Cet article date de plus d'onze ans.
L'Ukraine, une société clivée entre deux cultures
L'opposition ukrainienne, qui dénonce le revirement du président Viktor Ianoukovitch sur le rapprochement avec l'Union européenne, bat le pavé à Kiev en cette fin 2013. Ce mouvement populaire fait resurgir les clivages existant dans la société. Retour sur une fracture historique entre l’est et l’ouest du pays. Entre pro-Européens et pro-Russes.
Publié
Mis à jour
Temps de lecture : 6min
Article initialement publié le 3 janvier 2013
Lors de l’élection présidentielle de 2004, l’Ukraine s’est montrée globalement coupée en deux. D’un côté, les pro-Occidentaux conduits par une partie de l’opposition, de l’autre, les pro-Russes à la tête desquels l’actuel président Viktor Ianoukovitch, revenu depuis (en 2010) aux affaires avec son clan.

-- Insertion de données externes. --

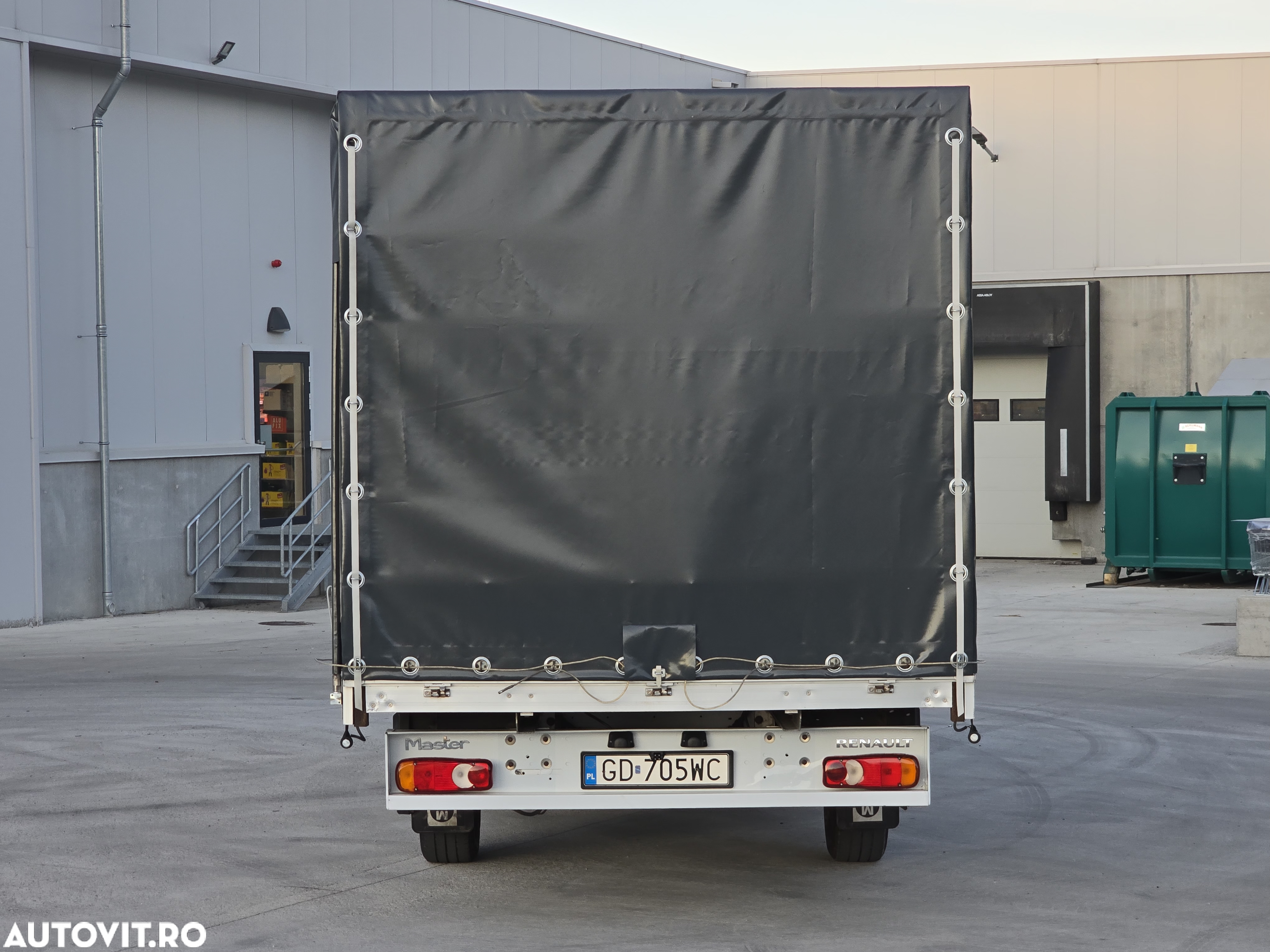 Renault Master - 18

Mais ce clivage ne date pas d’hier. Il s’était déjà manifesté en 1991, après le référendum d’indépendance (même si 90% des Ukrainiens s’étaient prononcés pour que l’Ukraine sorte de l’Union soviétique). Ou à la présidentielle de 1994 (le russophile Leonid Koutchma avait battu le dernier président de la République socialiste soviétique d’Ukraine, artisan de l’indépendance, Leonid Kravchouk).

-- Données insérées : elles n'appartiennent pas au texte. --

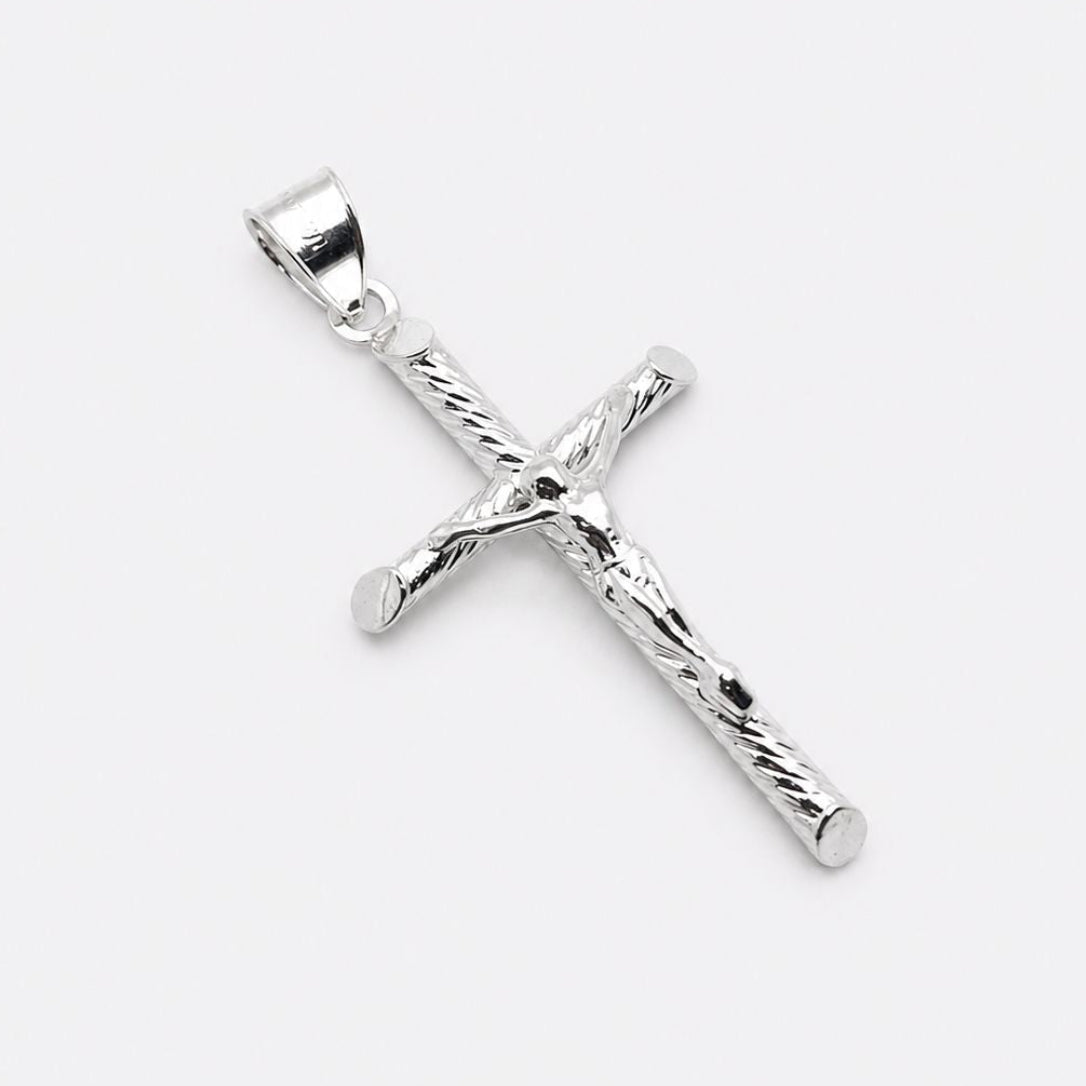 #D742 - Dije Crucifijo Diamantado De Plata .925 - A12/2.6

En gros, les régions allant de l’ouest au nord du pays, berceaux du nationalisme, cherchent à s’inscrire dans une tradition occidentale. Les autres, de l’est au sud, se tournent résolument vers Moscou. Dès son arrivée au pouvoir en 2000, Vladimir Poutine a d’ailleurs multiplié les investissements économiques russes pour garder une influence sur l’Ukraine.
Ce clivage prend racine dans l’Histoire et a perduré au fil du temps : la culture et l’identité ukrainiennes sont morcelées (mythes, religions, symboles, langues) entre l’Orient (qui a connu les conquêtes cosaques) et l’Occident (restes de l’Empire austro-hongrois).
En 1941, quand les nazis ont attaqué les Russes, ils ont été soutenus par des bataillons ukrainiens d’extrême droite. Après la fin de l’URSS, cette extrême droite est réapparue à l’ouest et au nord, là où la coalition Orange possède une large base électorale.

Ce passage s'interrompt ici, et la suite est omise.